I remember David Hammer relating a story about how when he says he's a physics professor people ooh and aah; when he says he's an education professor people start in on their ideas about what's wrong and right in education. But people have far far more experience with the physical world than they do the educational world-- somehow they've learned that their ideas and thoughts about physics are not valid or relevant, while their ideas about education are.

Why teach science.

From Schank's blog:

"Do we really believe that the reason that there so many foreign applicants to US graduate programs is that they teach math and science better in other countries? China and India provide most of the applicants. They also have most of the people. And many of those people will do anything to live in the U.S. So they cram math down their own throats knowing that it is a ticket to America. Very few of these applicants are coming from Germany, Sweden, France or Italy. Is this because they teach math badly there or is it because those people aren’t desperate to move to the U.S.?

In the U.S., students are not desperate to move to the US, so when you suggest to them that they numb themselves with formulas and equations they refuse to do so. The right answer would be to make math and science actually interesting, but with those awful tests as the ultimate arbiter of success this is very difficult to do...

You can live a happy life without ever having taken a physics course or knowing what a logarithm is.

On the other hand, being able to reason on the basis of evidence actually is important. Thinking rationally and logically is important. Knowing how to function in a world that includes new technology and all kinds of health issues is important. Knowing how things work and being able to fix them and perhaps design them is important.

Lets get serious. We don’t need more math and science. We need more people who can think."

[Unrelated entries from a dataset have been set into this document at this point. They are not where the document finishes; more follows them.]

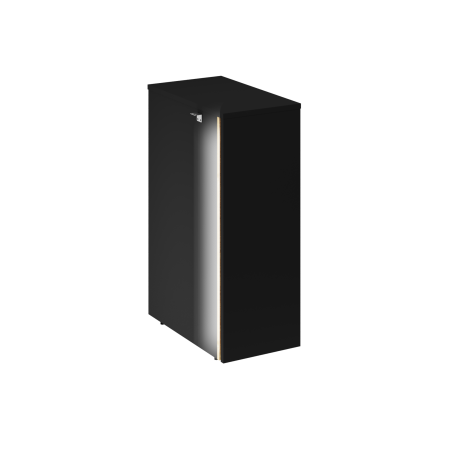 Onix Тумба с подсветкой 4 ящика проходная, средняя O.R-TV-4.S Тиквуд Светлый/Антрацит 436*767*1185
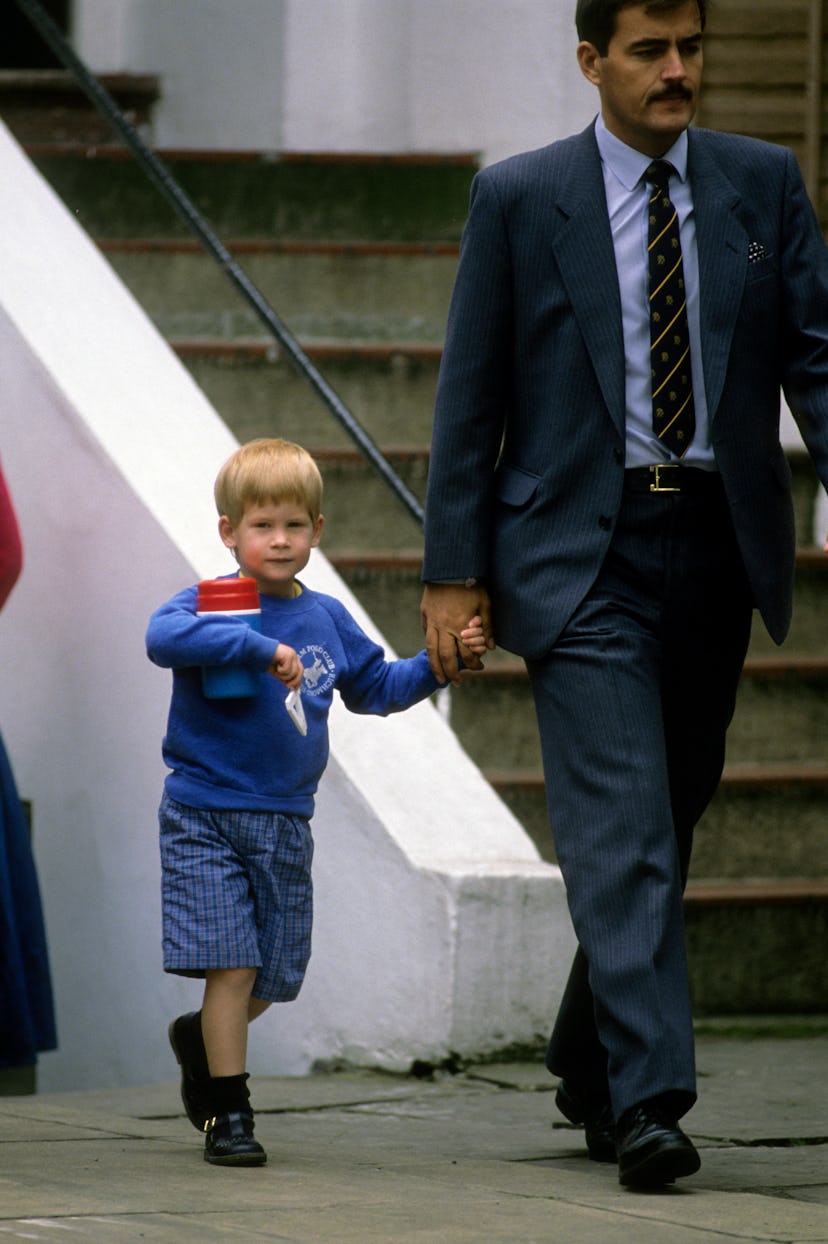 Prince Harry wore a sweater to nursery school.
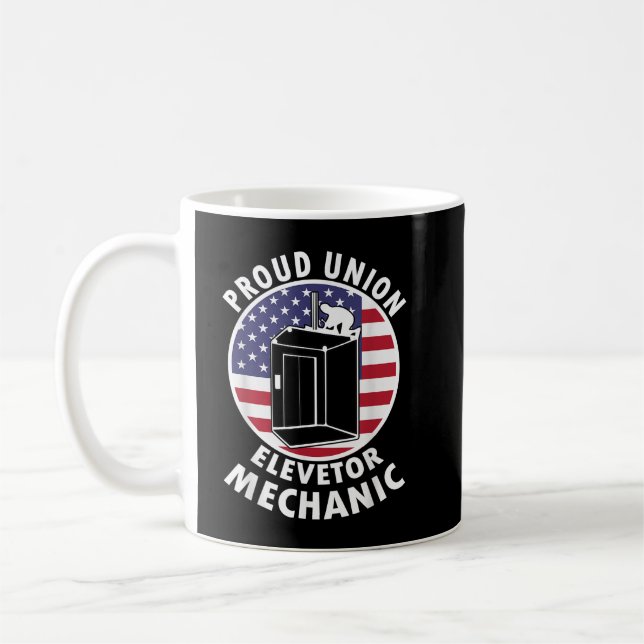 Mug Tshirt Union d'ascenseur pour mécanique du travail (Gauche)
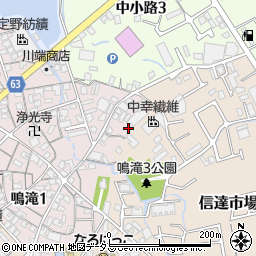 大阪府泉南市鳴滝3-2周辺の地図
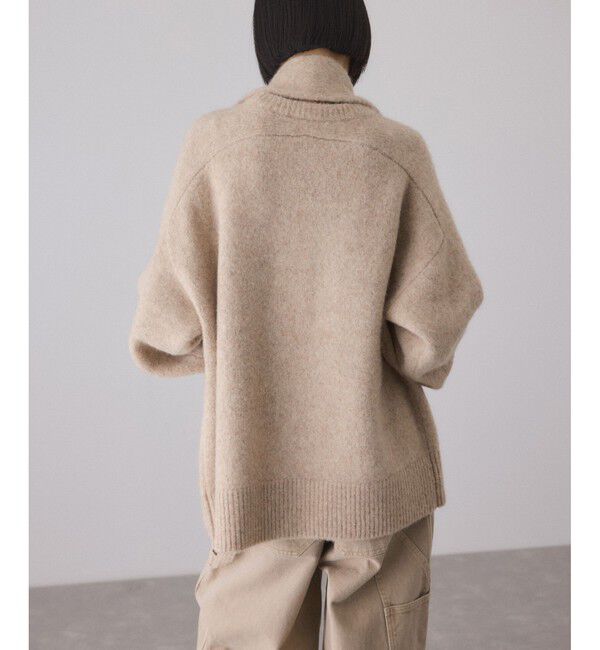 ADAM ET ROPE'「【サステナブル】YAKブレンドタートルニット＆グローブ」|ニット・セーター|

-- I would argue "We need more people who can think mathematically and scientifically"-- which is all too often not taught in math and science courses.

Other interesting blogs:

• Susan Ohanian
• Alfie Kohn

Understanding the Math Wars, Implications for Science

In the American Journal of Physics-- a journal for which most of the publications are physics professors sharing interesting problems/labs/ideas, but also some interesting physics education research-- the following editorial was published this month:

School math books, nonsense, and the National Science Foundation


The editorial itself isn't too surprising; it's the kind of editorial that shows up in newspapers and websites when mathematics education reform curriculum is introduced. And it's from a vocal critic of those reforms. What is surprising is that the AJP decided to publish it, with all of its ranting rhetoric.

Some history on the Math Wars is necessary for understanding how to interpret Klein's editorial.

I think science education has different concerns: for one, most parents have less expectations about what students should learn in science than they do for math, are less likely to think they use traditional science content every day, and so are less likely to be vocal opponents to reform curricula. Also, people have an image of scientist as a doer of experiments; a mathematician (perhaps?) they think of as a knower of math. (Actually, I wonder what most people think that mathematics professors do all day?) So science-as-activity is easier to pull off.

But it is concerning that this shows up in the AJP. I composed an editorial in response. (Tried attaching it to no avail. I'll try again later.) We'll see if it gets published.